Immersive Van Gogh, Chicago (Photo by Michael Brosilow)

Pittsburgh was chosen as a destination for the exhibit because it is “a dynamic art city,” Shedletsky told the Chronicle. “Although its population size is smaller than some of the other markets that we are in, like Los Angeles, New York and Chicago, it’s a market that loves culture and entertainment. And it’s a sophisticated city, and obviously it’s a beautiful city.”

Pittsburgh’s Carnegie Museum of Art houses three works by Vincent van Gogh (1853-1890), including an etching of Dr. Gachet, who treated the painter for a psychological disorder. Despite his illness, van Gogh created almost 900 paintings between1881 and 1890.
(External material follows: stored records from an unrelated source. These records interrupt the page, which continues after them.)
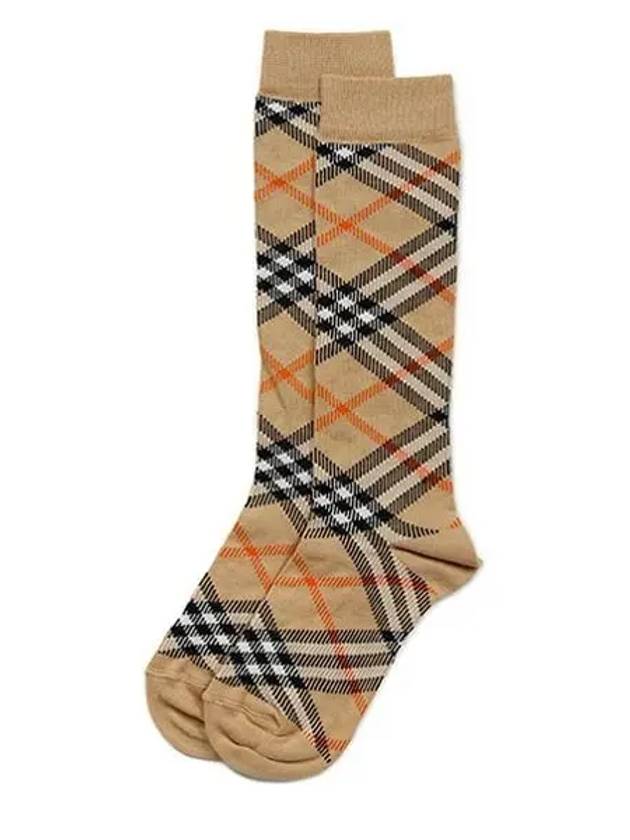 Kids Check Cotton Blend Sock Sand - BURBERRY - BALAAN 2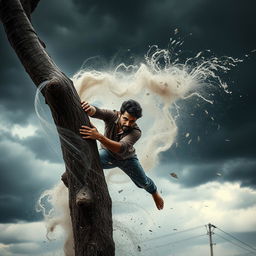 A dramatic scene of a powerful storm, with a man clinging tenaciously to a sturdy tree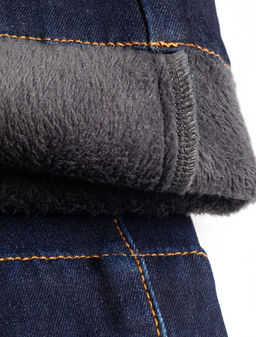 Джинсы-трубы из эластичного денима на флисе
Van Gogh did not sell many paintings during his lifetime, according to the Van Gogh Museum in Amsterdam, but he did sell “more than a couple” — despite popular lore that he only sold one. The artist also often traded his work with other artists, sometimes in exchange for food or art supplies.

In a letter to his brother, Theo, van Gogh wrote, “It’s a rather sad prospect to have to say to myself that the painting I do will perhaps never have any value.”

A hundred years after his death, his painting “Portrait of Dr. Gachet” sold for $82.5 million at auction.

The Original Immersive Van Gogh is “a new way of exhibiting his work,” Shedletsky said, and “has now become part of the cultural zeitgeist. Almost everybody I speak to tells me they see it in their [social media] feed on a daily basis, either because they’re seeing the advertising for it or because they’re seeing their friends post the photos from attending it. … I think the awareness and interest level in this exhibit has been nothing that we’ve seen before in location-based entertainment or immersive entertainment. It really is the first global blockbuster of a show.”

So far, more than 3 million tickets have been sold to the exhibit worldwide.

Shedletsky, who grew up in Toronto, is the grandson of Holocaust survivors on his father’s side, and his maternal grandfather fought in World War II on behalf of Canada. From a young age, he said, they instilled within him “a sense of the importance of Judaism, both as religion and tradition.”

He grew up in a Conservative household and attended Hebrew day school. His wife, Diana Rayzman, another partner of Impact Museums, is also Jewish. Shedletsky remains active in the Jewish community, volunteering and speaking at events hosted by Jewish groups. He follows in the footsteps of his father, Dr. Ralph Shedletsky, former chair of Jewish Federations of Canada – UIA.

“Believe it or not, most of the partners at Lighthouse and Impact Museums — not all, but most — are also Jewish,” Shedletsky told the Chronicle. Their nonpublic joint venture name, he noted, is LHIM, which they like to pronounce as “l’chaim.”